## MATERIAL PROVIDED
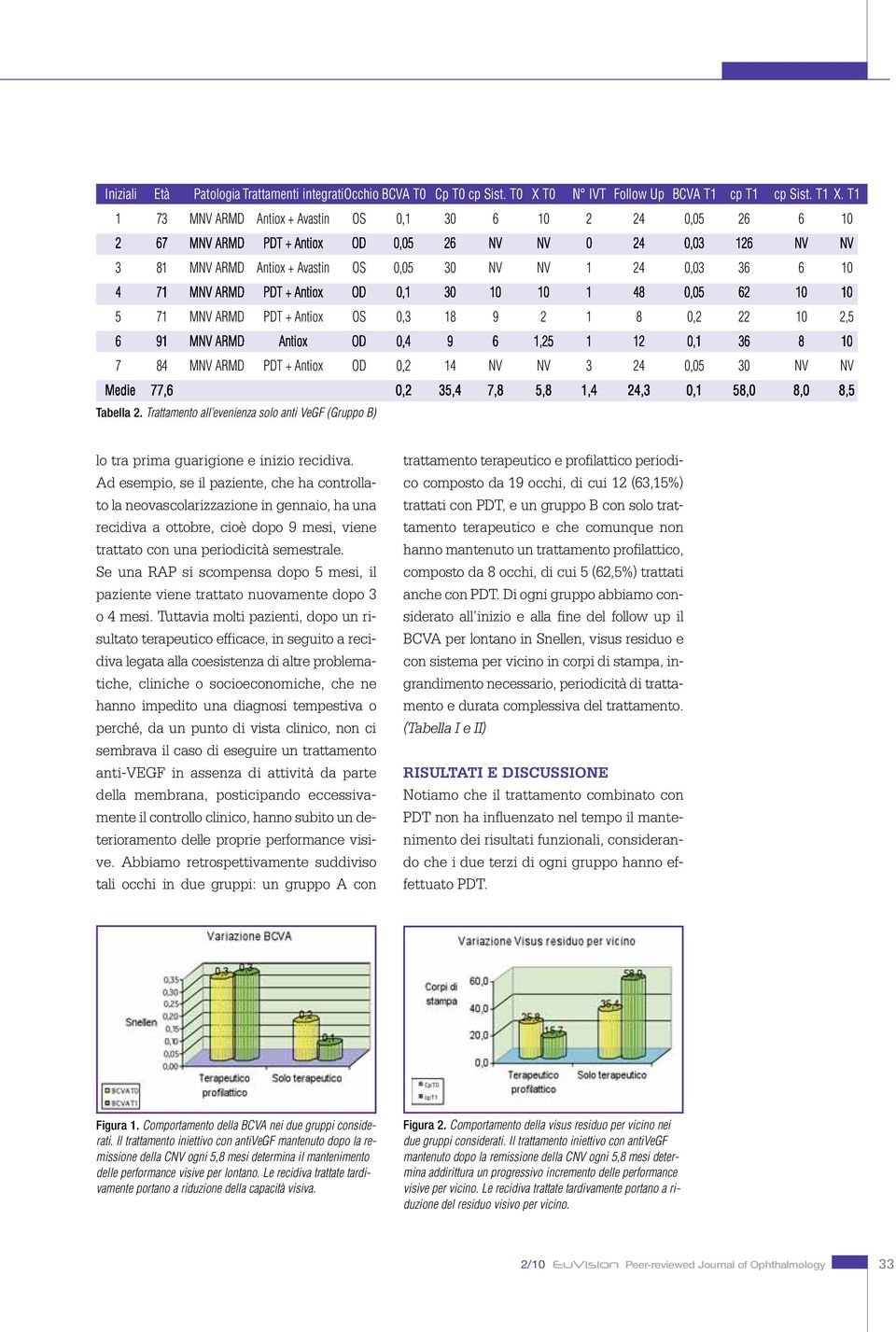 71 MNV ARMD PDT + Antiox OD 0,1 30 10 10 1 48 0,05 62 10 10 5 71 MNV ARMD PDT + Antiox OS 0,3 18 9 2 1 8 0,2 22 10 2,5 6 91 MNV ARMD Antiox OD 0,4 9 6 1,25 1 12 0,1 36 8 10 7 84 MNV ARMD PDT + Antiox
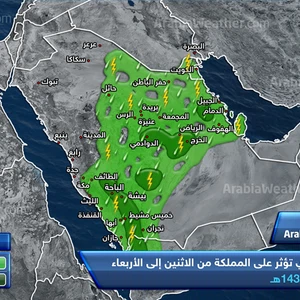 بالخارطة التوضيحية: شاهد المناطق المشمولة بتوقعات الامطار خلال الايام القادمة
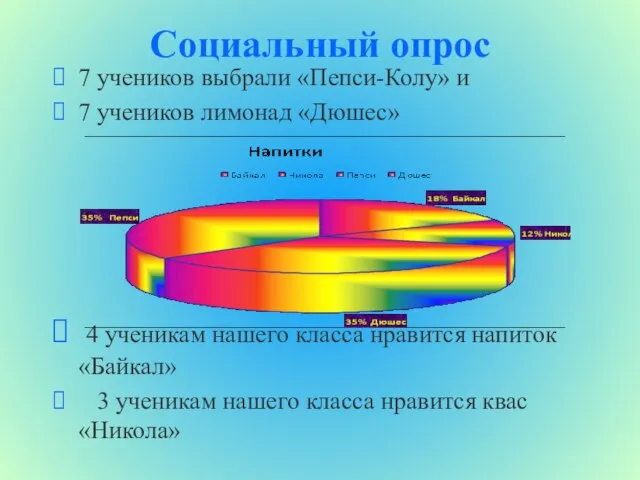 Социальный опрос 7 учеников выбрали «Пепси-Колу» и 7 учеников лимонад «Дюшес» 4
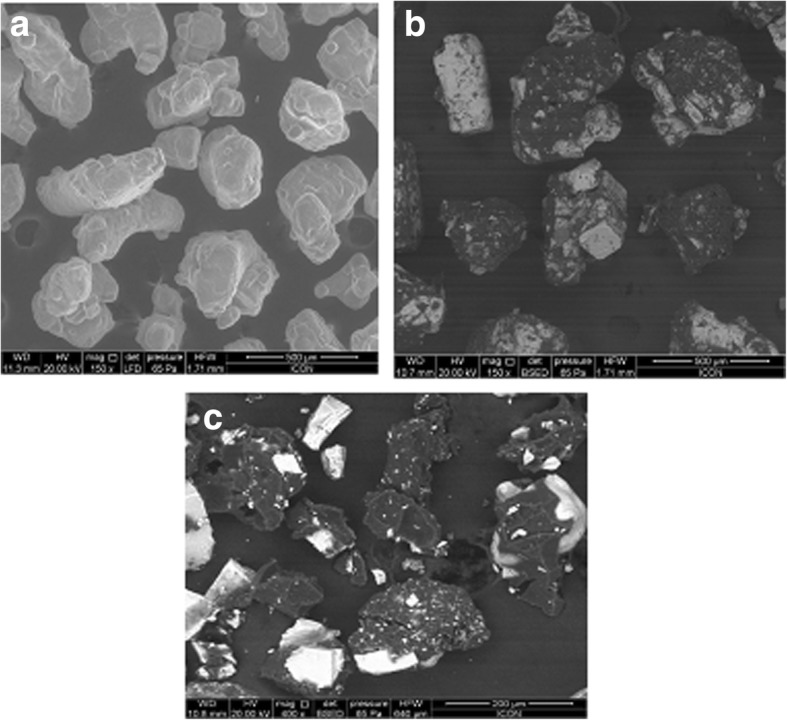 Development and evaluation of taste masked dry syrup formulation of potassium chloride.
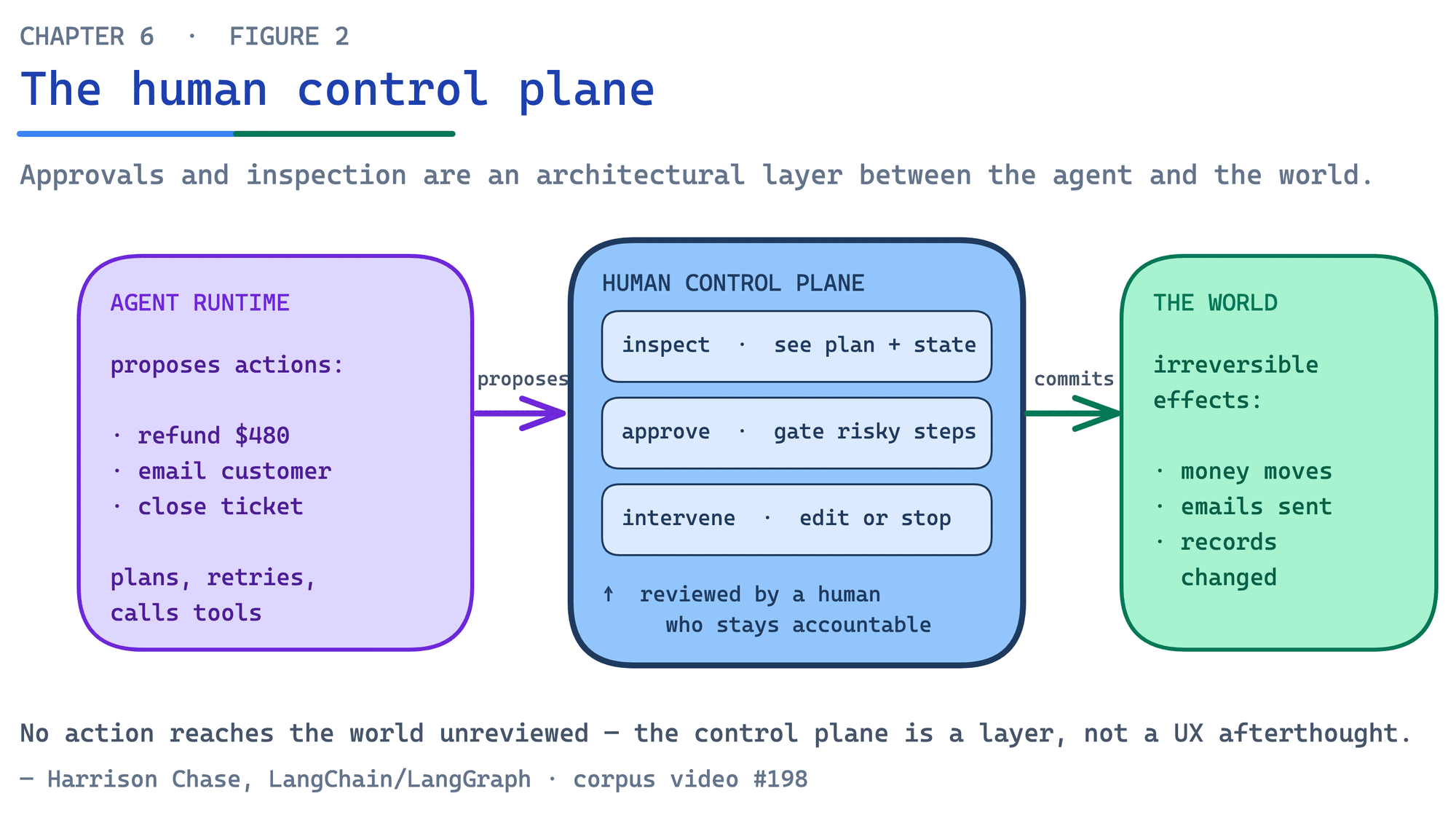 The human control plane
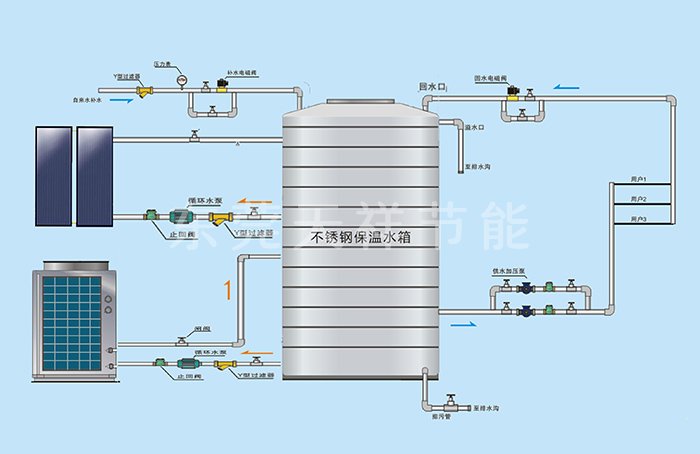 太陽(yáng)能空氣能熱泵中央熱水系統(tǒng)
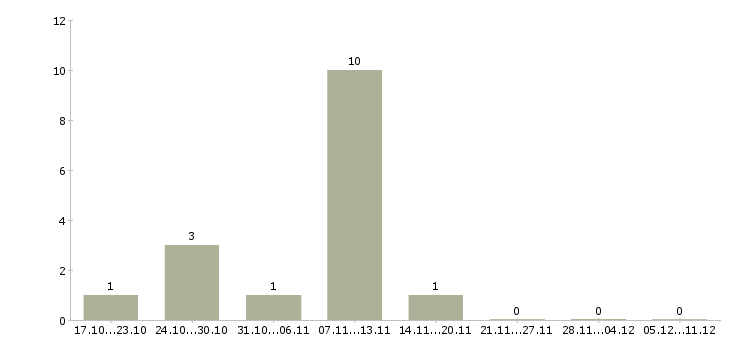 Работа директор магазина магнит в Астрахани - Число вакансий в Астрахани по специальности директор магазина магнит за 2 месяца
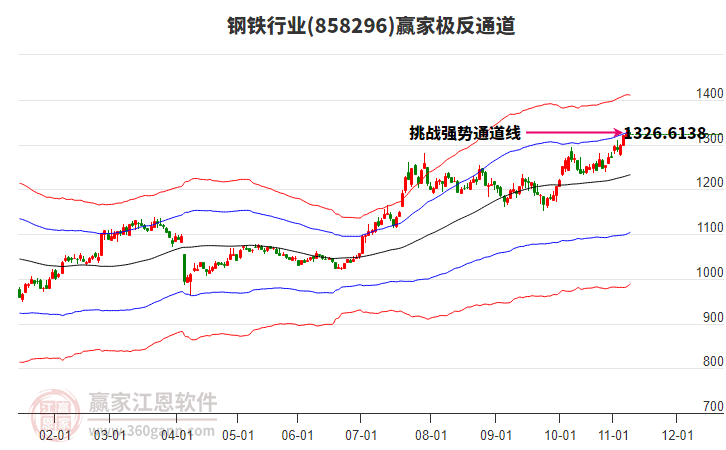 858296鋼鐵贏家極反通道工具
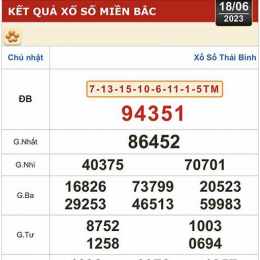 xem xổ số kiến thiết kiên giang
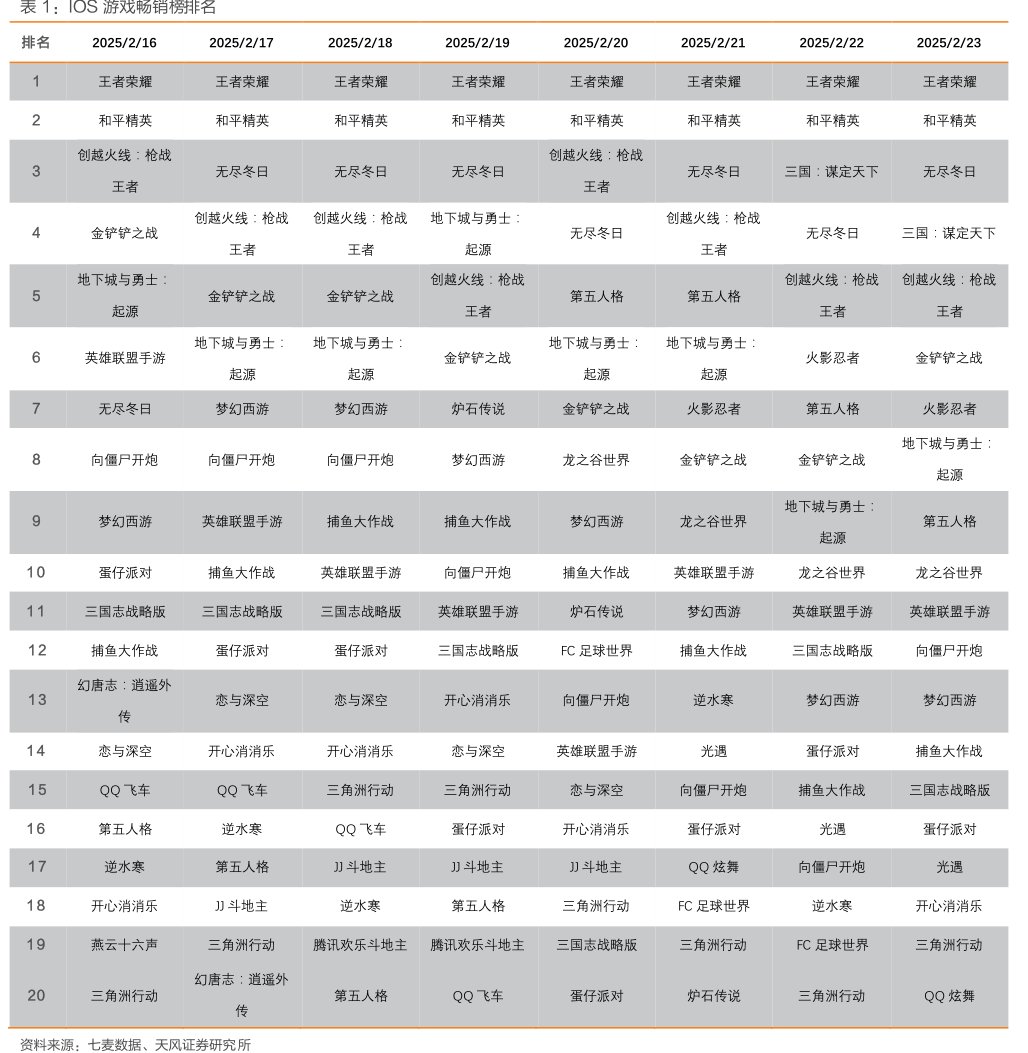 IOS<hl>游</hl><hl>戏</hl>畅销榜排名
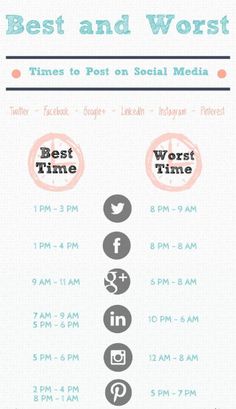 the best and worst times to post on social media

## WORK INSTRUCTION
Start with the line that holds "The human control plane" and retype each line through the last one in the data, exactly and without pictures.

## ANSWER BOX
 The human control plane
 太陽(yáng)能空氣能熱泵中央熱水系統(tǒng)
 Работа директор магазина магнит в Астрахани - Число вакансий в Астрахани по специальности директор магазина магнит за 2 месяца
 858296鋼鐵贏家極反通道工具
 xem xổ số kiến thiết kiên giang
 IOS<hl>游</hl><hl>戏</hl>畅销榜排名
 the best and worst times to post on social media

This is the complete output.